» DIRECTIONS FOR THIS TASK: Your output must be the lines below from the line containing "Photo #2: 2481995 Listing" to the line containing "Immagine prodotto Ibili", both lines included, reproduced exactly and without pictures.

» LISTED ENTRIES:
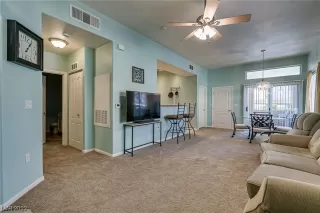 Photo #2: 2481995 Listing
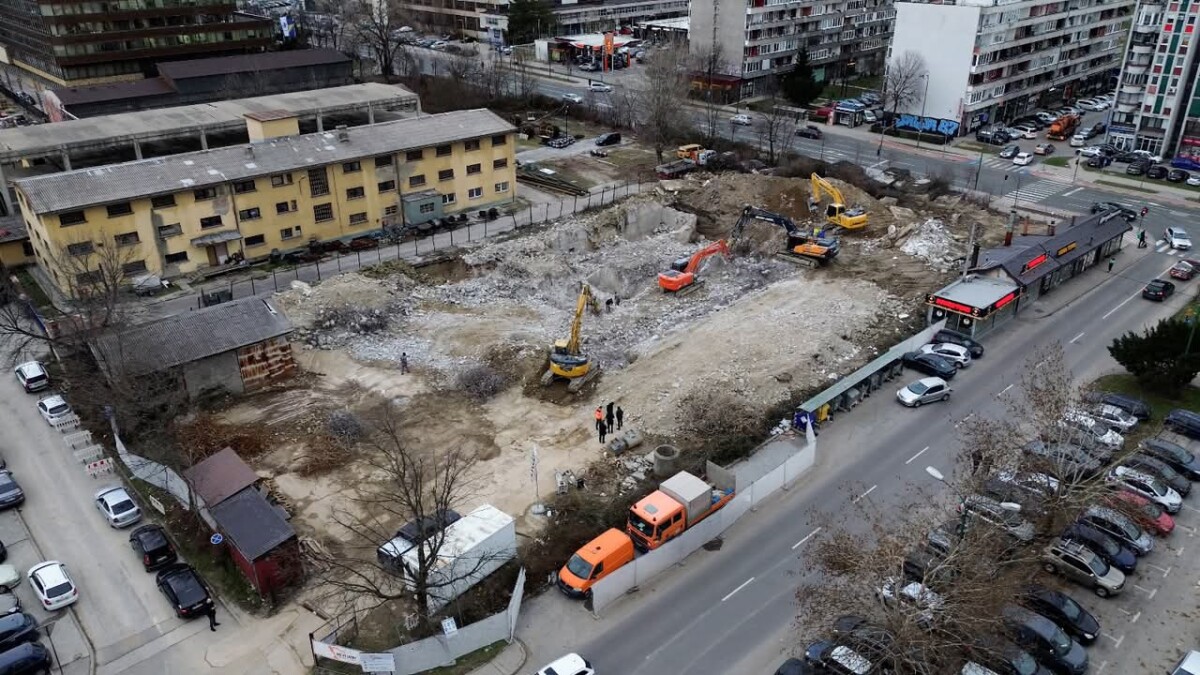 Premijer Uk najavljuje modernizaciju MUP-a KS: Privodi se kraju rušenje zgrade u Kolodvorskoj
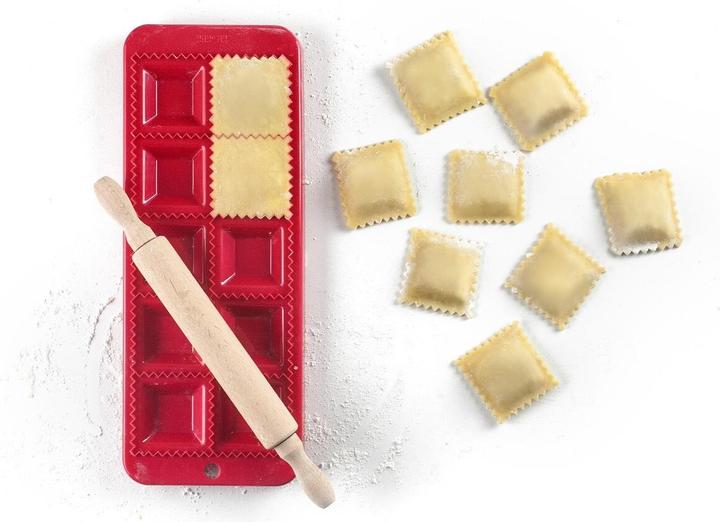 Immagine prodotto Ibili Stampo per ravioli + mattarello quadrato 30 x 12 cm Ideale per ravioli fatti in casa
* * *
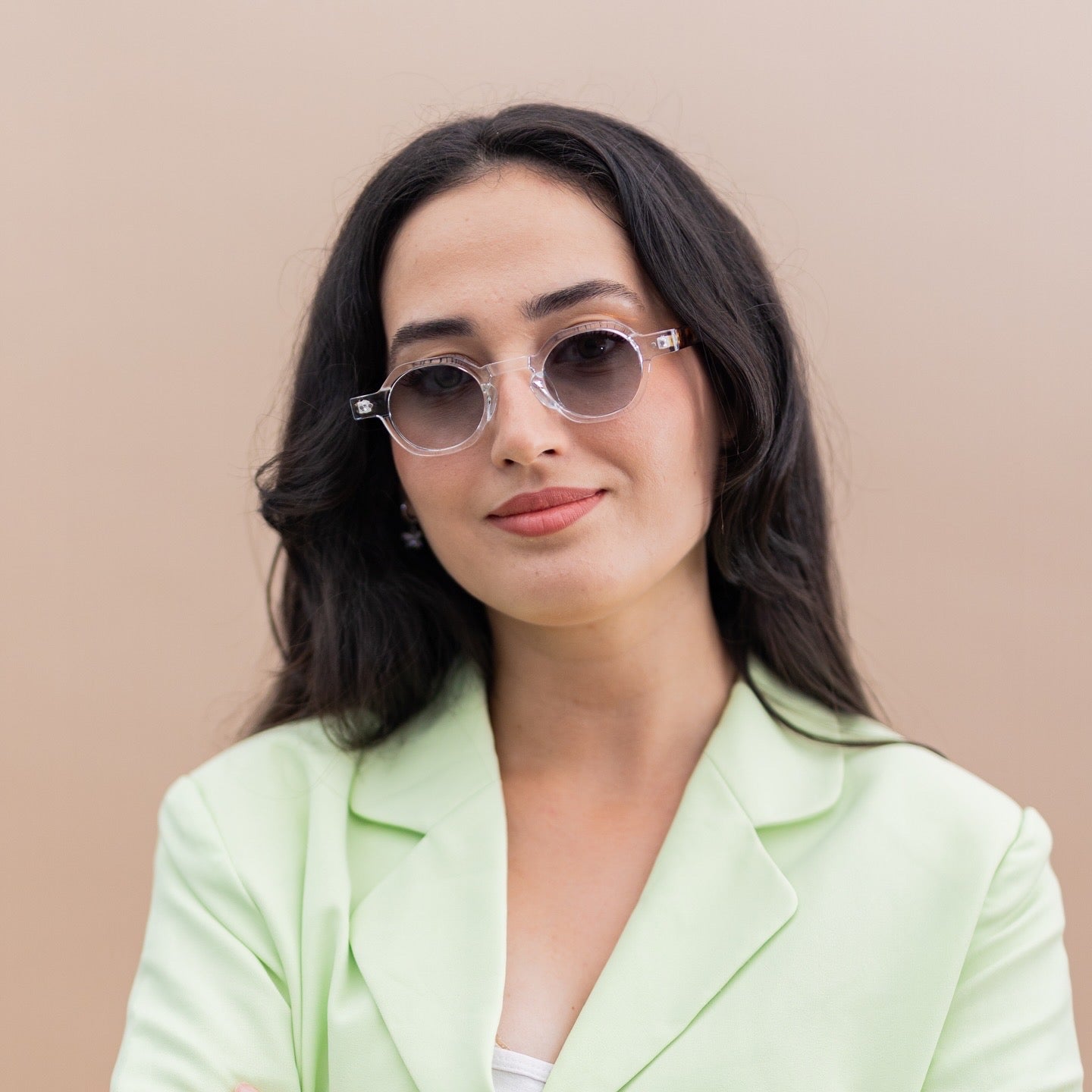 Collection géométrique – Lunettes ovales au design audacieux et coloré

» RESPONSE TO THE EXERCISE:
 Photo #2: 2481995 Listing
 Premijer Uk najavljuje modernizaciju MUP-a KS: Privodi se kraju rušenje zgrade u Kolodvorskoj
 Immagine prodotto Ibili Stampo per ravioli + mattarello quadrato 30 x 12 cm Ideale per ravioli fatti in casa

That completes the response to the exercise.